On Jan-26 2004, Mon, 22:14 -0500
jamal <hadi@xxxxxxxxxx> wrote:
> On Mon, 2004-01-26 at 10:24, Tomas Szepe wrote:
> [..]
> > Actually, this is very much like what we're using IMQ for:
> >
> > +-----------+ eth1 --- \
> > | shaper + eth2 ---
> > Internet --- eth0 + in bridge + . --- ... WAN (10 C's of customer IPs)
> > | setup + . ---
> > +-----------+ ethN --- /
> >
> > We're shaping single IPs and groups of IPs, applying tariff rates
> > on the sum of inbound and outbound flow (this last point, I'm told,
> > is the primary reason for our use of IMQ).]
>
> This does not IMQ. I am going to type an example at the end of the
> email.
Thanks for your reply, Jamal.

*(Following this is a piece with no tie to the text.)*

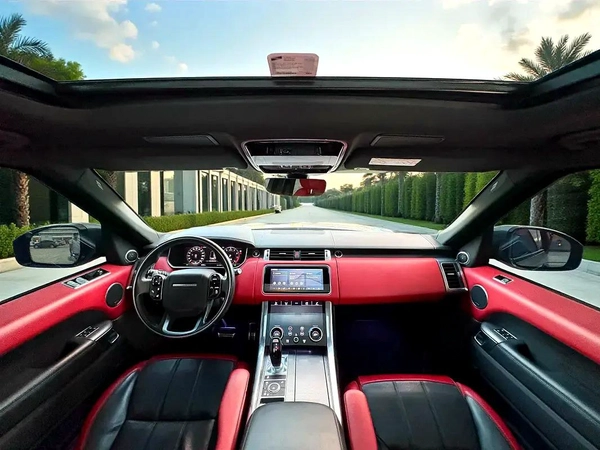 AED 2,790 P.M | 0% DOWN PAYMENT | RANGE ROVER SPORT HSE V6 | 2021 | GCC SPECS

Unfortunately, we don't really understand
your example. Please see below.
[snip]
> BTW, how are you going to do SNAT with bridging?
We aren't. :) We won't need bridging on those firewalls, it's only
necessary for the main shaper box. I apologize for not making that
clear in my previous post.
> The example below tries to show many things. Example sharing of
> policers across many flows within a device, and across devices.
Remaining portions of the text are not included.